Cuando todos tus adversarios, de forma unánime, aceptan el resultado y elogian la forma de lograrlo, se acaban todas las discusiones, sin duda ha ganado el mejor, y punto. Y ese hombre, por segundo año consecutivo, casi de la misma forma, ha sido Julian Alaphilippe, un pequeño saltamontes francés que corre continuamente como si estuviera acalambrado y desprende tal cantidad de energía que, en días como ayer, parece infinita.
Es una verdad casi universal que en carreras tan largas, tan justo de reservas, es primordial hacer un uso adecuado de las pocas fuerzas que quedan y hay que escoger con mucha precisión el momento de apostar por una u otra estrategia. Los ataques baldíos se pagan con la derrota, no hay tiempo ni forma de recuperar todo lo que se desparrama durante tantos kilómetros. El corredor que sea capaz de esquivar esa máxima, algo que ocurre de forma muy excepcional, es imbatible. Alaphilippe en Flandes. Si alguien hubiera osado seguirle en su ataque decisivo a falta de 17 kilómetros, hubiera sido igual, lo hubiera intentado en todos y cada uno de los repechos en los que el corazón entraba en taquicardia hasta salirse con la suya, parecía escrito en las estrellas. Estuvo, incluso, más pletórico que el año pasado en Imola.
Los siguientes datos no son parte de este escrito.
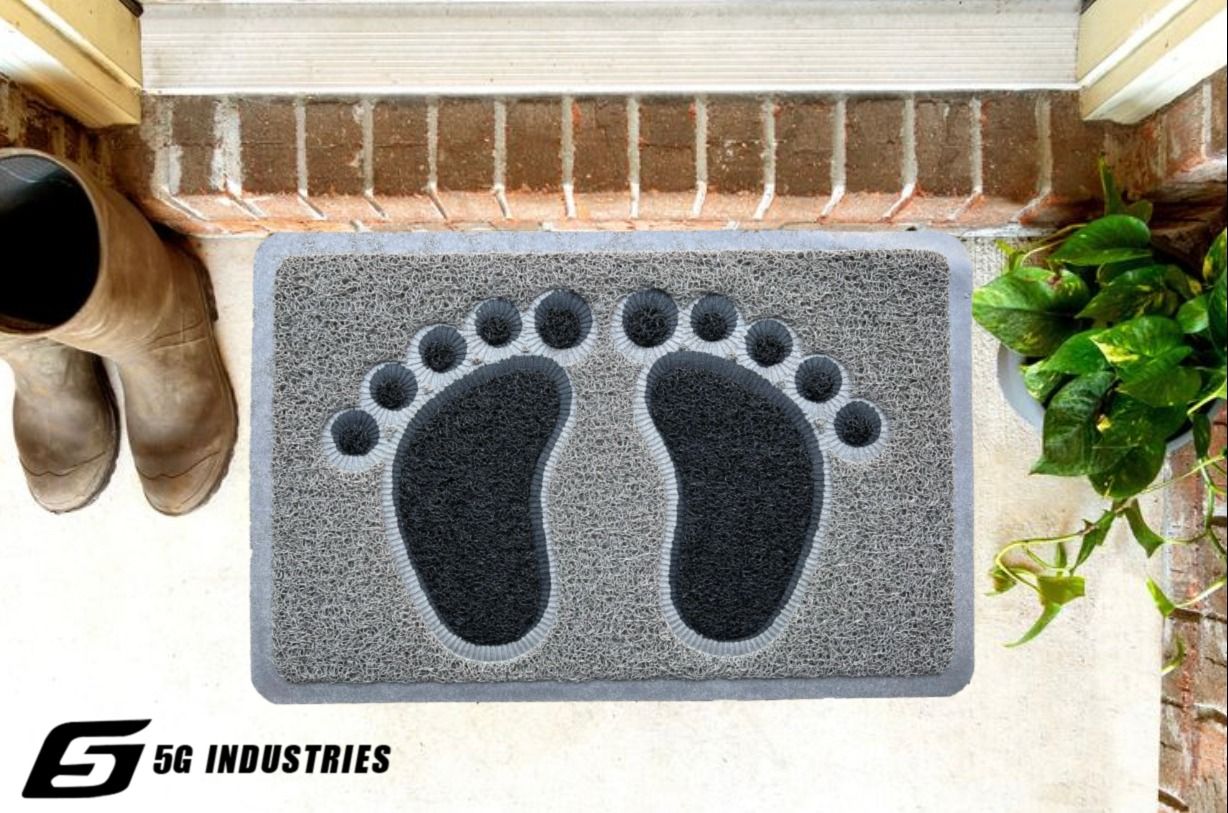 PVC Coil Doormat Foot Design Non Slip Washable Mat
Atacó todas las veces que hizo falta, fue un torrente de energía inagotable que nadie pudo detener.
La razón de ese poderío puede estar en el acierto en su preparación. Hace dos semanas, en el Tour de Gran Bretaña, sucumbió ante un rebosante Wout Van Aert cada vez que le hizo frente, pero lejos de achicarse esperó pacientemente hasta que le llegara la sobrecompensación que le ha dado, seguramente, su victoria más espectacular, algo de tal calibre que hasta la afición belga le reconoció el exquisito ciclismo que desplegó y la festejó como exigía la ocasión.
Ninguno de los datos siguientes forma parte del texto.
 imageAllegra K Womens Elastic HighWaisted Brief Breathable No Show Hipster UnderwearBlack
Seguramente el domingo hubiera sido prácticamente imposible batir a un corredor tan inspirado como el francés, porque cuando el ciclismo llega a esos extremos de dureza es imposible sumar las fuerzas de diferentes corredores y todo se reduce a una disputa directa entre individualidades. No obstante, la selección belga, la que más trabajó por la victoria, no estuvo, en mi opinión muy acertada. Ya dijimos en éste mismo blog que no entendíamos la controversia que se había creado por la participación y por la función a desempeñar de Remco Evenepoel, un ciclista desaprovechado en su selección. De repente, obligaron a un corredor extraordinario a trabajos de contención que bien hubieran podido cumplir con brillantez Yves Lampaert o Victor Campenaerts, y permitir reservarse para tareas mayores al joven prodigio, que estuvo, eso sí, inconmensurable en su nuevo trabajo.
Bélgica, como bien dice en mi opinión todo un Johan Museeuw, jugó como si el único corredor capaz de ganar fuera Wout Van Aert y desperdiciaron todas las estrategias que pasaban por Evenepoel, que está pagando en exceso el flojo rendimiento, o error, si se quiere, que cometió en Tokyo. La presión añadida por las declaraciones de Eddy Merckx, que declaró que si el único líder era Van Aert, Evenepoel no debería asistir a la carrera porque era un corredor egoísta, tampoco ayudaron. Creo esa presión añadida condicionó tanto al seleccionador como a propio corredor, que aunque orgulloso, no es ajeno a esas críticas.
A Wout Van Aert no hay nada que achacarle, no tuvo su día y punto. Se podrán buscar razones, que pueden ser diversas, pero su profesionalidad y su compromiso no admiten dudas. Borrachos de euforia por lo que habían visto en el Tour de Francia y lo que aconteció recientemente en el Tour de Gran Bretaña (cuatro etapas y la General), pensaron que la carrera sería una alfombra roja para que desfilara su corredor más carismático al aplauso de sus adversarios, que Van Aert era un robot programado para ganar en cualquier situación, pero Van Aert, como declaró al poco de finalizar la carrera, solo es un ser humano, y como tal, a veces, no tiene su mejor día.